Он оглянулся по сторонам, словно желая увидеть того, кто ему ответит.
— О чем ты, Ольгерд? — Ульриху не терпелось перейти от слов к действиям.
— Я спрашиваю, — повысил голос Ольгерд, — что будет потом, когда вы отомстите за пролитую кровь Готфрида, за отрубленную голову Алрика, когда вы изгоните чужаков с нашей земли? Вы думали, что будет дальше?
— Дальше мы будем жить так, как жили наши предки. — Ульрих тоже встал, проявляя недовольство. — Чужаки нарушили договор, и наша месть будет праведна.

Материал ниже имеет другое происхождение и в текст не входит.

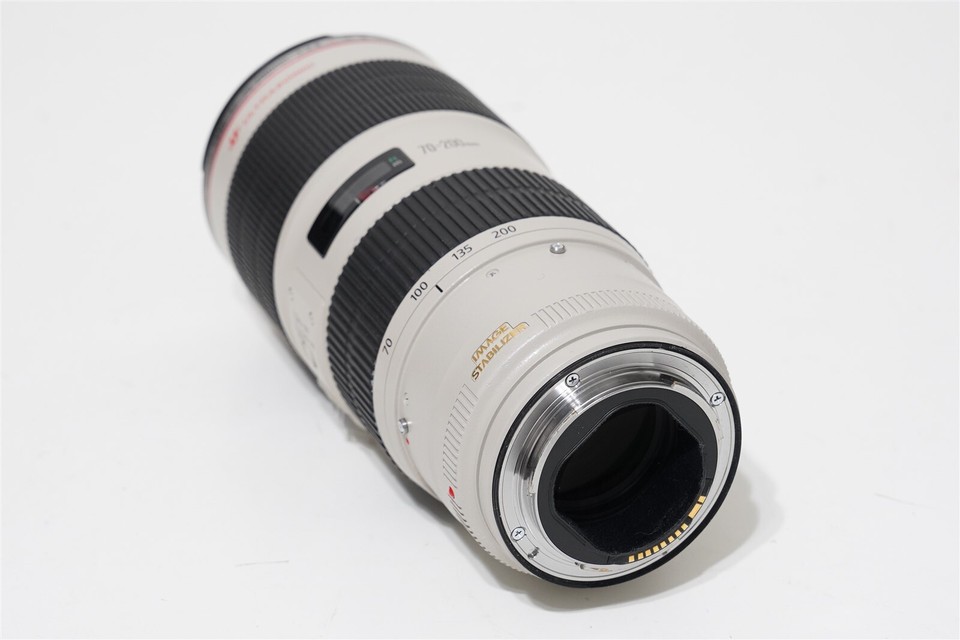 Canon EF 70200mm f/2.8 L IS II USM Lens EXCELLENT EOS DIGITAL + BONUS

— Поверь мне, Ульрих, я прожил долго, но не знаю, бывает ли месть праведна, — Ольгерд стукнул посохом о каменный пол, — а еще я не знаю того, что сделают другие чужестранцы, которые придут, чтобы отомстить за своих собратьев. А они обязательно придут, поверь мне.

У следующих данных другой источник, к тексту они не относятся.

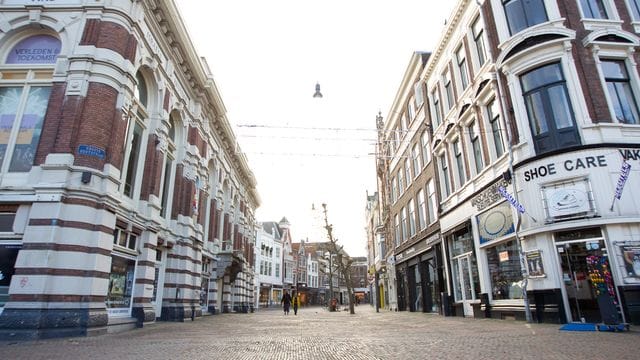 Eine leere Einkaufsstraße in Haarlem.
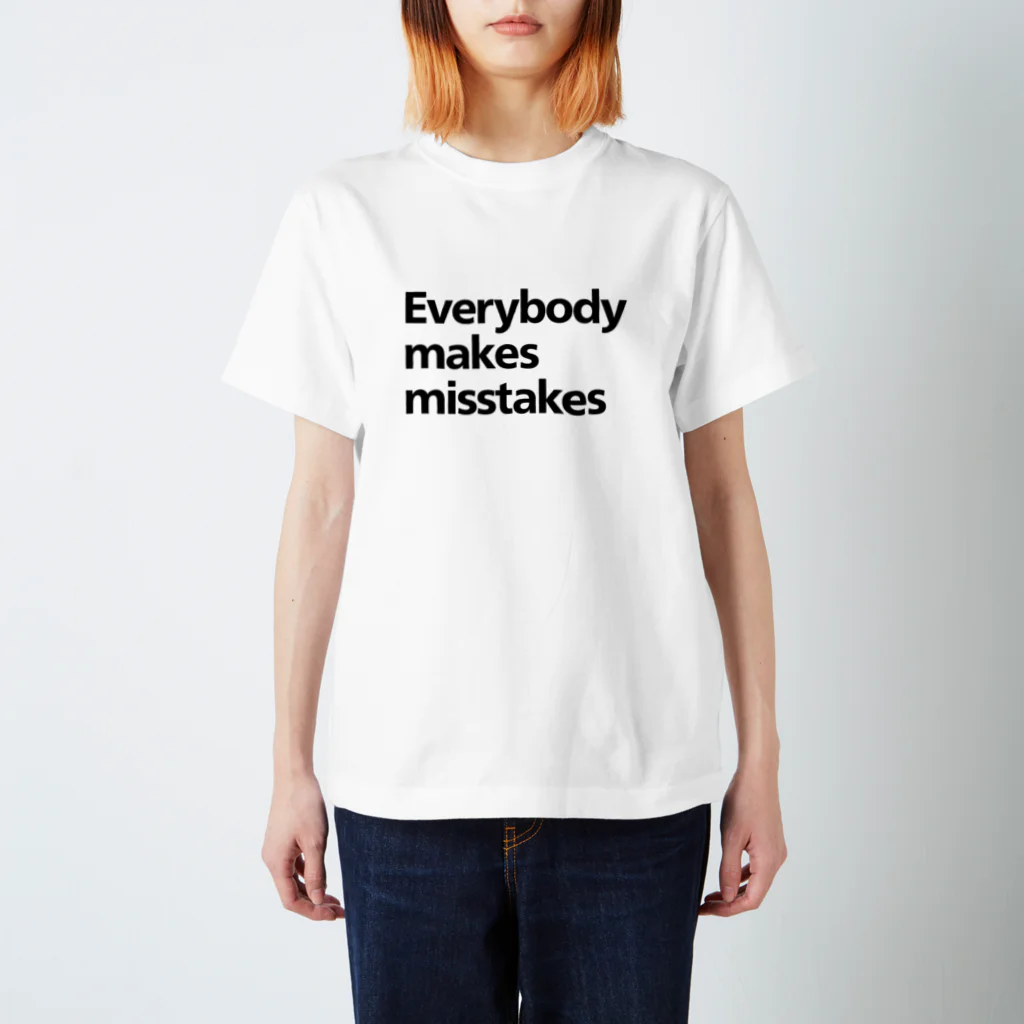 nagueyariのEverybody makes misstakes Regular Fit T-Shirt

— Хватит пугать нас, старик, — окончательно потерял терпение Ульрих, — они нарушили закон, и они ответят.
— Ольгерд прав, мы не знаем, что будет потом, когда придут другие чужаки, — заговорил Готфрид, — их много, и их оружие сильнее нашего, мы не сможем воевать с ними.
Зал загудел. Каждый пытался высказать свое мнение, вскакивая с места и стараясь перекричать соседа. Готфрид безучастно наблюдал за происходящим. Он знал — лучше всего дождаться, когда толпа устанет, тогда ее проще в чем-то убедить. Не участвовавший до этого в спорах первосвященник поднялся со своего места и, спустившись вниз, на середину амфитеатра, встал рядом с креслом конунга. Обычно одетый в серый балахон или такой же серый плащ, сегодня Ладвик был с головы до пят облачен в белые одеяния, а плечи его покрывала накидка из белого песцового меха. Наряд первосвященника дополнял широкий кожаный пояс, с висящим на нем тяжелым мечом, отличительным знаком члена совета. За многие годы Готфрид, да и все остальные, впервые видели Ладвика в подобном одеянии. Первосвященник вскинул вверх руку, призывая к молчанию. Шум в зале постепенно стал затихать.

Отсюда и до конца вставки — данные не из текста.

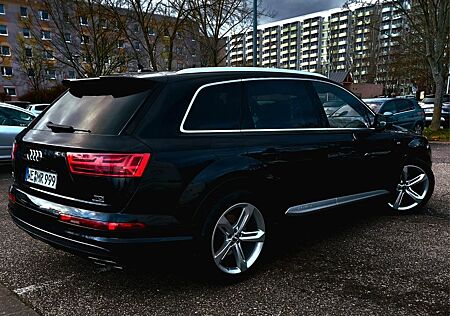 Audi Q7 3.0 TDI quattro tiptronic -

— Братья мои, — Ладвик говорил торжественно, глядя куда-то в окно над верхними рядами амфитеатра, через которое в зал поступали скудные лучи света, — сегодня великий день, день, когда все мы сможем показать, что достойны памяти наших предков. Гондов во главе с великим Сомхэрлом, отцом нашей веры, и русов, которые вместе с благородным Хольмгером принесли клятву мира, в которой пообещали не только жить в мире и согласии с гондами, но и защищать их до последней капли своей крови. Не настало ли время исполнить эту клятву, конунг?
Ладвик обернулся к Готфриду и выдержал долгую паузу, которую мог бы назвать театральной, если бы знал это слово.